-- Opening Marker --

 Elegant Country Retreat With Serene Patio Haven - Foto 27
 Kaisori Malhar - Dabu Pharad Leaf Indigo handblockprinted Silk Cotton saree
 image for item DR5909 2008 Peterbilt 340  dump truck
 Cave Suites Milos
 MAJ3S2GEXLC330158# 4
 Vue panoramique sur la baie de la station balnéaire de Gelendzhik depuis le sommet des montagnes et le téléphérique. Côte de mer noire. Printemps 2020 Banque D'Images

-- Closing Marker --

▸ YOUR GOAL:
Starting at the line where "Kaisori Malhar - Dabu" appears, write out every line exactly as it stands until the listing ends, and add nothing.

▸ FINISHED EXERCISE:
 Kaisori Malhar - Dabu Pharad Leaf Indigo handblockprinted Silk Cotton saree
 image for item DR5909 2008 Peterbilt 340  dump truck
 Cave Suites Milos
 MAJ3S2GEXLC330158# 4
 Vue panoramique sur la baie de la station balnéaire de Gelendzhik depuis le sommet des montagnes et le téléphérique. Côte de mer noire. Printemps 2020 Banque D'Images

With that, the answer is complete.